:: Input material ::

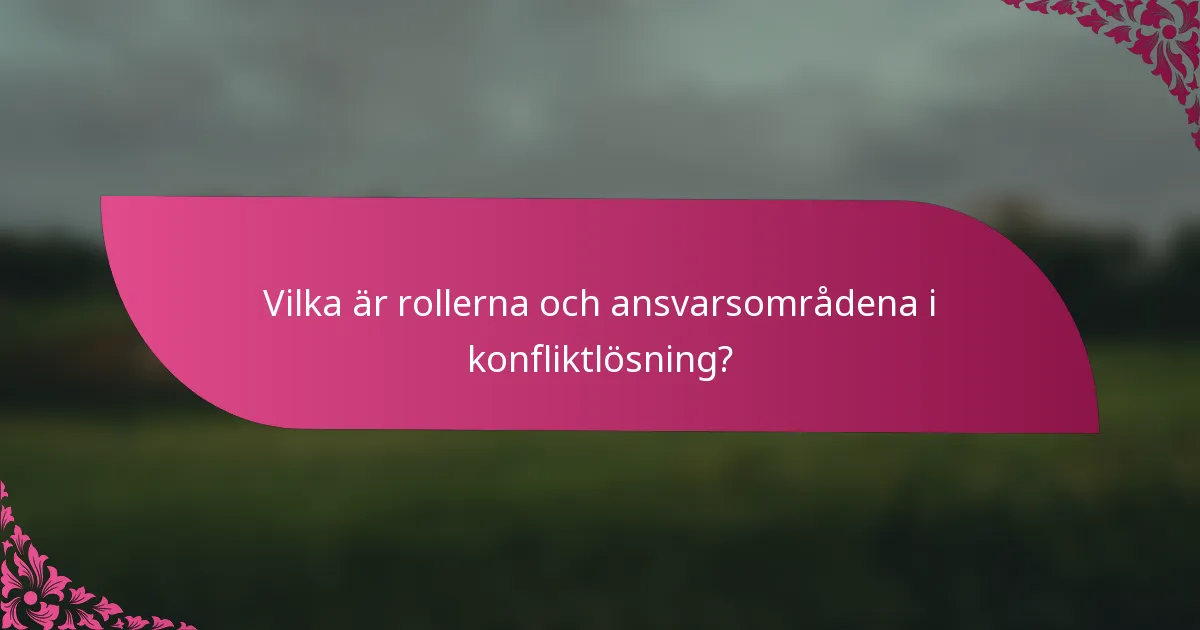 Vilka är rollerna och ansvarsområdena i konfliktlösning?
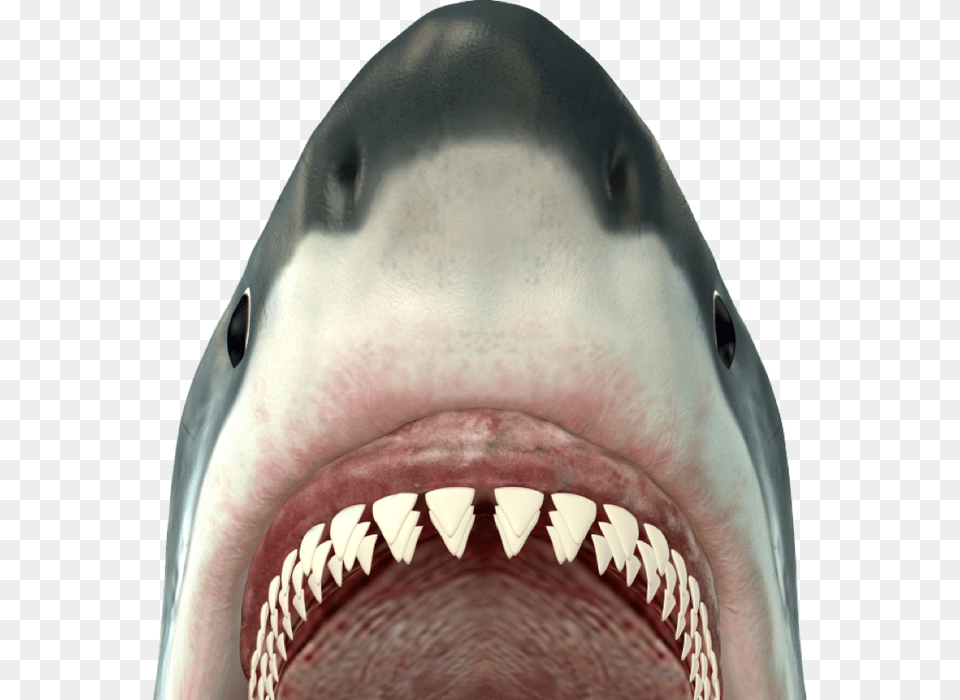 Revise Amp Edit Teeth Of A Bull Shark, Animal, Sea Life, Fish, Ball Png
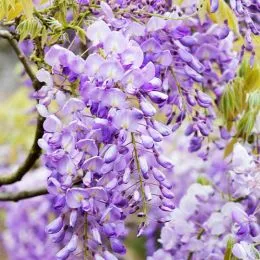 Вистерия (глициния) Sinensis фото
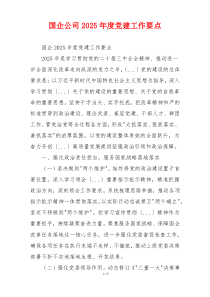 国企公司2025年度党建工作要点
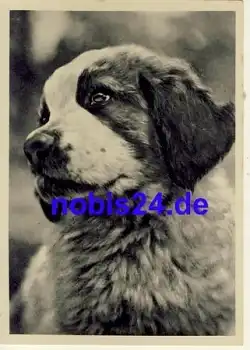 Bernhardiner Hund *ca.1940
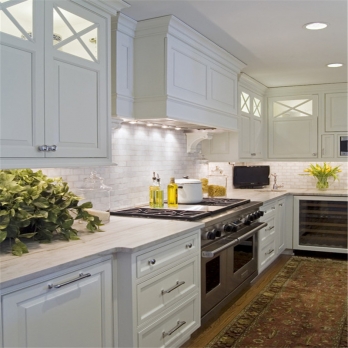 Bianco Macaubas quartzite Countertop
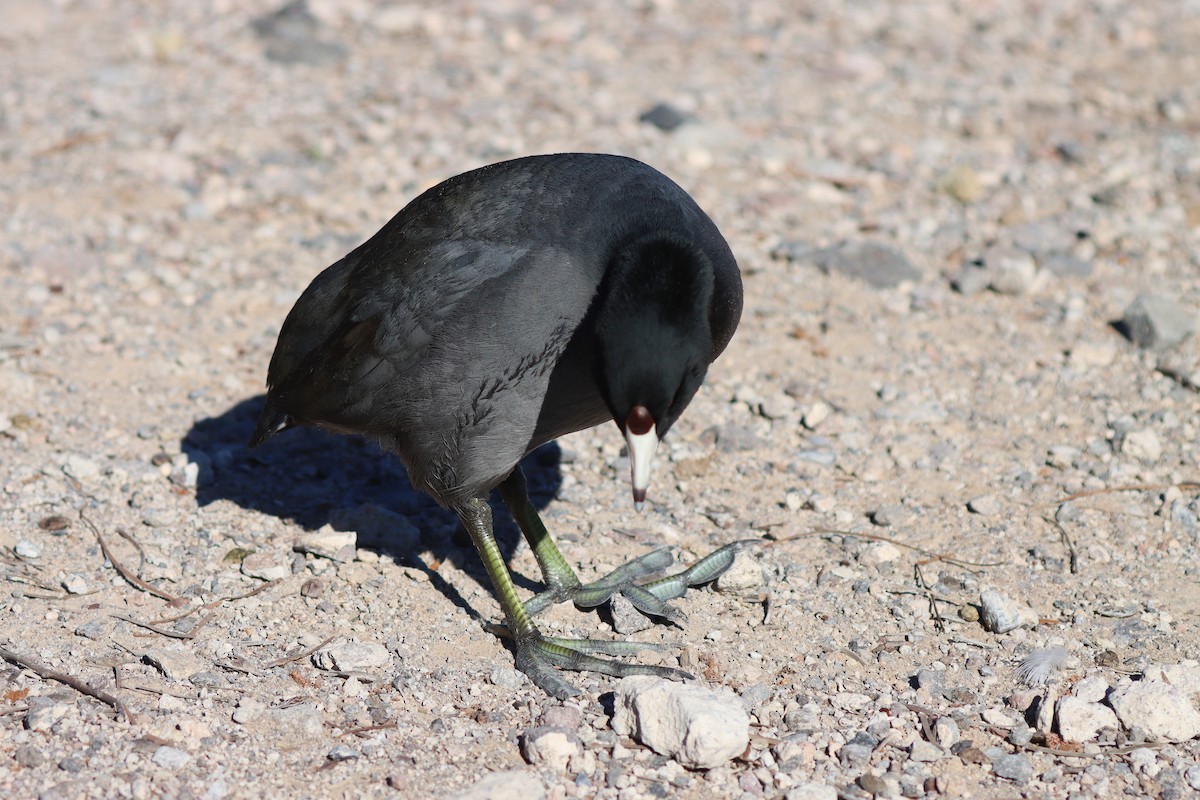 Лиска американська (червонобляшкова) - ML647162933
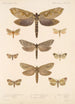 Insecta Lepidoptera Heterocera Pl 089 - Frederick DuCane Godman — vy av konstverket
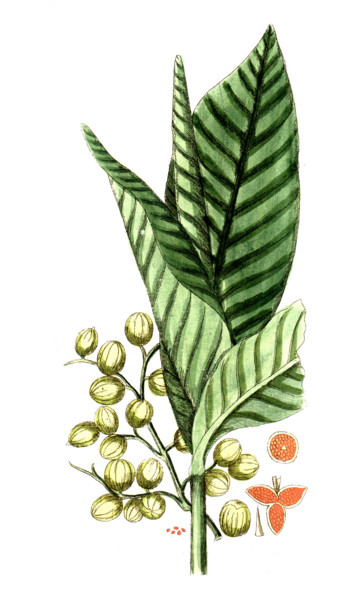 Aframomum melegueta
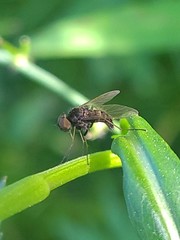 Chrysopilus proximus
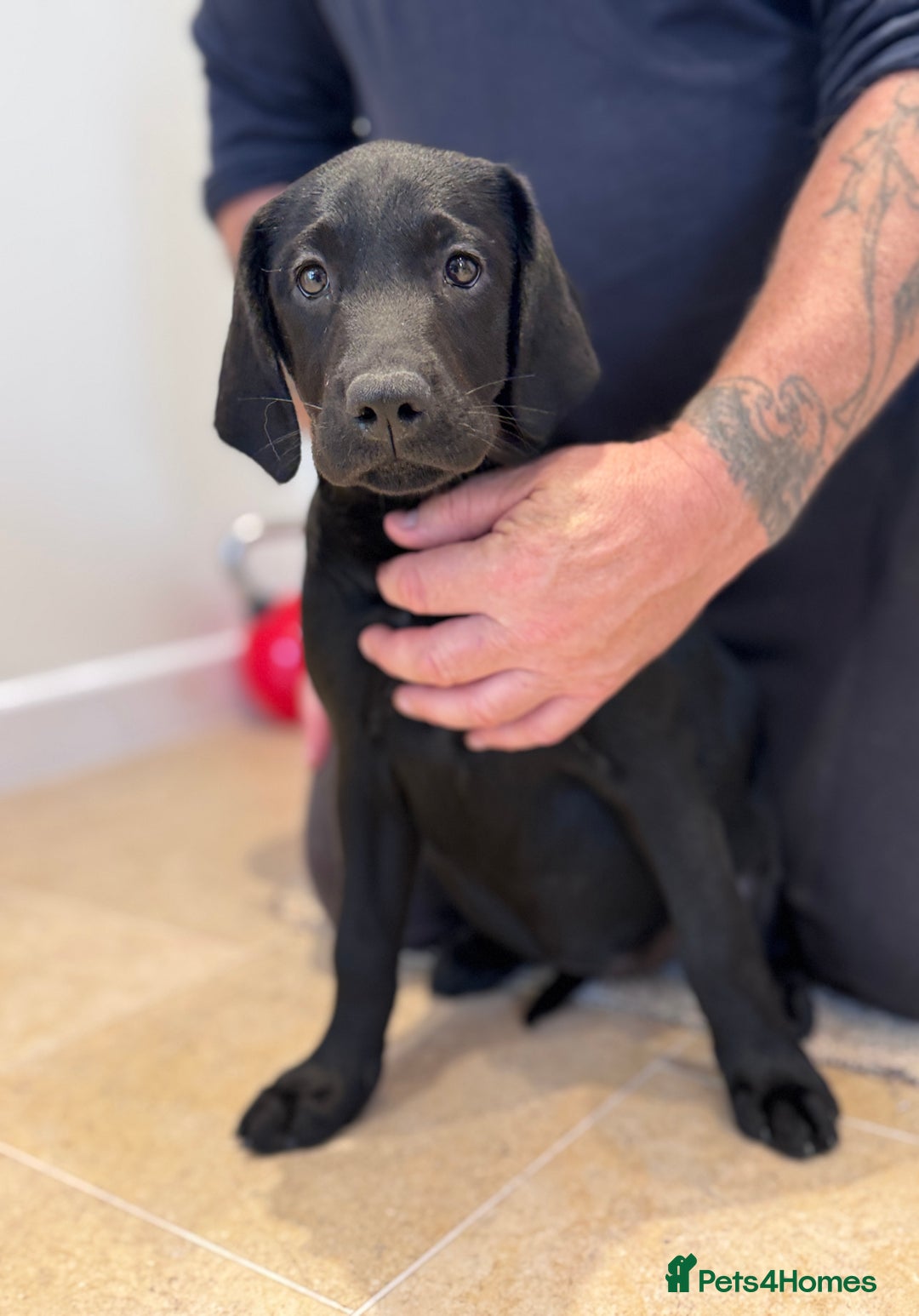 Labrador Retriever dogs for sale: 🩷Two Girls🩷 Fully Vaccinated-KC Labrador Puppies in Launceston - Image 6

:::

§ **Assignment**
Return the records above exactly as written, but without any of the pictures.

§ **Response below**
 Vilka är rollerna och ansvarsområdena i konfliktlösning?
 Revise Amp Edit Teeth Of A Bull Shark, Animal, Sea Life, Fish, Ball Png
 Вистерия (глициния) Sinensis фото
 国企公司2025年度党建工作要点
 Bernhardiner Hund *ca.1940
 Bianco Macaubas quartzite Countertop
 Лиска американська (червонобляшкова) - ML647162933
 Insecta Lepidoptera Heterocera Pl 089 - Frederick DuCane Godman — vy av konstverket
 Aframomum melegueta
 Chrysopilus proximus
 Labrador Retriever dogs for sale: 🩷Two Girls🩷 Fully Vaccinated-KC Labrador Puppies in Launceston - Image 6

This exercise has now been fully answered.